As far as your circuit goes, if you use these pullups, you don't have to
connect the port to anything, it will automatically read as high when
you look at it, and won't consume inordinate amounts of power.

You can also use this to your advantage with pushbuttons, for example.
Use a normally open pushbutton, set the port to use the internal weak
pullups, and connect the other side to ground. Then, if you push the
button, the port will read 0, otherwise, it'll read high.

If you aren't using the port, however, you can just set it to be an
output using the TRIS register, and then safely leave it unconnected.

--
Regards,
Robert Monsen

"Your Highness, I have no need of this hypothesis."
- Pierre Laplace (1749-1827), to Napoleon,
on why his works on celestial mechanics make no mention of God.

 

[Andrew Holme]

Dominic-Luc Webb wrote:

Actually, maybe you can explain the way that NPN 2N3904 transistor
is connected?
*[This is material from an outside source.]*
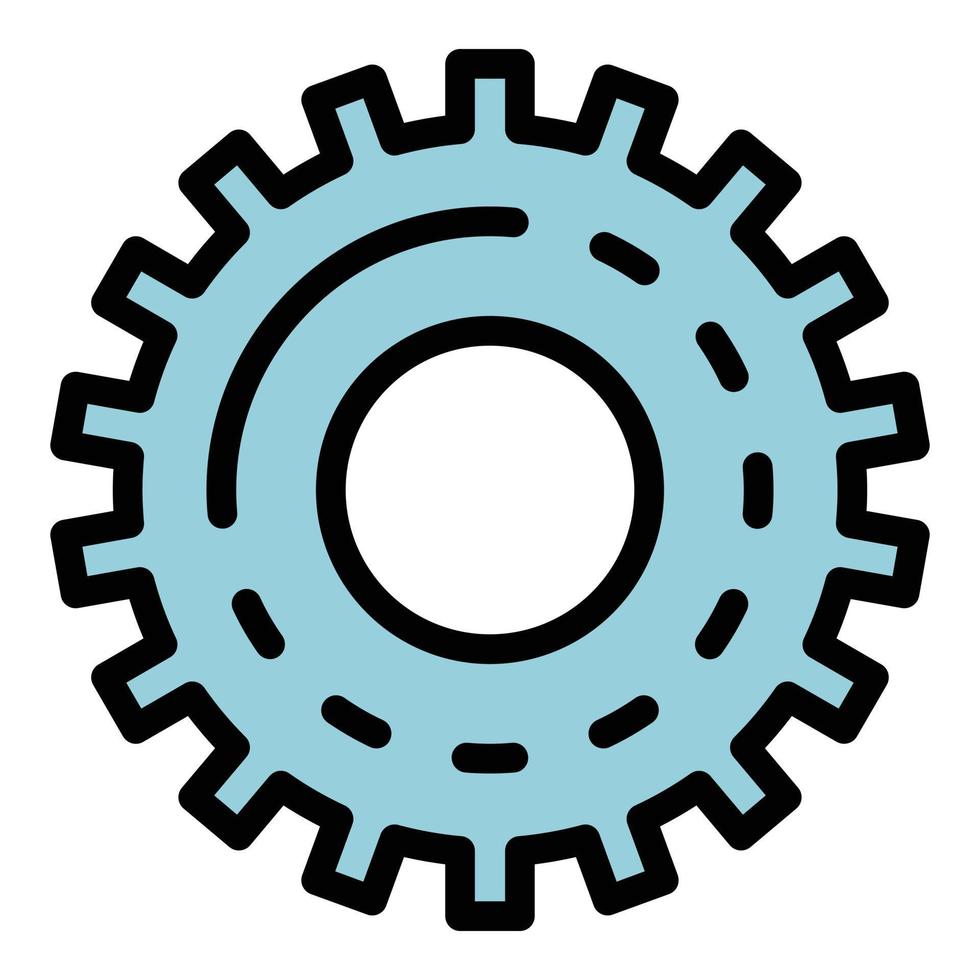 Gear tool icon color outline vector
It looks odd to me that the emitter is not tied to
ground, but the collector is. I am not sure I see what it is
supposed to do in this circuit.

Yes, the emitter and collector are the wrong way round: the collector should
go to the piezo, and the emitter should go to ground - as you said.
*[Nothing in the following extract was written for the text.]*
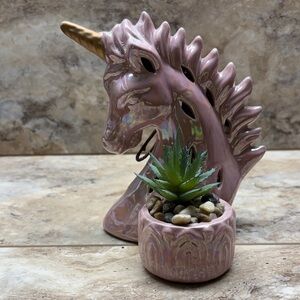 Pink Unicorn potpourri figurine with faux plant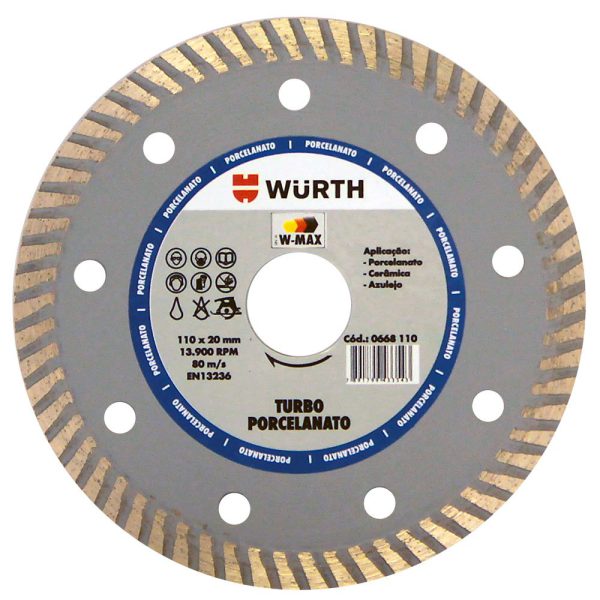 Disco de Corte W-Max Diamantado Turbo 110mm para Porcelanato WURTH-0668110115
Also, the base resistor (R5) is unnecessarily small. If we take an
excessively high estimate of 200mA for piezo current, divide by a low
estimate of 50 for gain (beta), we still need only 4ma of base current to
saturate the transistor. The base resistor should be (5-0.7)/4 = 1k.

 

[Dominic-Luc Webb]

On Mon, 3 Jan 2005, Andrew Holme wrote:

Dominic-Luc Webb wrote:
Actually, maybe you can explain the way that NPN 2N3904 transistor
is connected? It looks odd to me that the emitter is not tied to
ground, but the collector is. I am not sure I see what it is
supposed to do in this circuit.

Yes, the emitter and collector are the wrong way round: the collector should
go to the piezo, and the emitter should go to ground - as you said.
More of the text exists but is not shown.